I’ve spoken to many Timorese people about the Indonesian invasion and subsequent occupation of Timor-Leste. I’ve heard stories that were nothing short of horrifying in their terror and brutality. Stories that no person should have ever had to tell, let alone live.
Yet, despite the torture, the terror, the rape, despite it all, there is no animosity. There is no celebration of the death of a person who directly caused so much heartache; no celebration of the death of an enemy.
For me, the reaction to the death of Margaret Thatcher has been over the top.
It’s been a reminder that people, regardless of who they are or what their upbringing was, are capable of a strange level of hatred of sorts.
That people can be so joyful that a person has died will never sit well with me. It suggests that humans, for whatever reason, are sometimes incapable of feeling compassion. If you dislike someone so strongly, it shouldn’t matter that they have died. You shouldn’t care.
Actively revelling in a death takes things to a whole new level. It seems to take away a little piece of a person’s humanity.
If people can enthusiastically rejoice that someone has died, what hope does the world have? Where does it end?
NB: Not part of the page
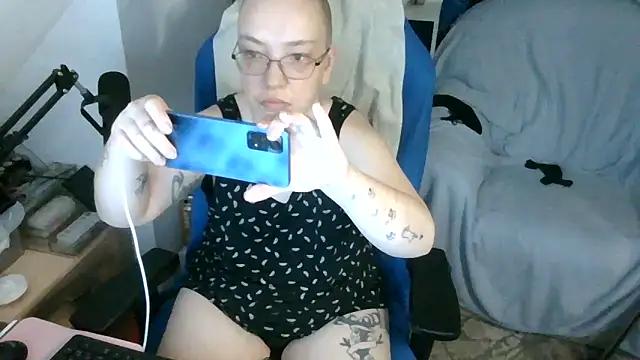 Snapshot of Isabella_Geney chatting on June 30, 2026, 4:19 pm Isabella Geney online show from June 30, 2026, 4:19 pm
I can’t help but wonder how humanity can ever evolve beyond our current state of endless wars, aggression and disconnectedness if the reactions to the death of a single death are ones of pleasure.
I once heard it said that people are all the same when they’re sleeping. Dictators, murderers, extreme right-wing politicians, or even just your average Joe on the street. Genuine dislike or hatred of a person, especially one you don’t know on a personal level, doesn’t change the fact that people are people. We all need to eat, to sleep, to breathe. We all have friends and families who care about us.
I’m with Martin Luther King, Jr on this one. Returning hate for hate multiplies hate.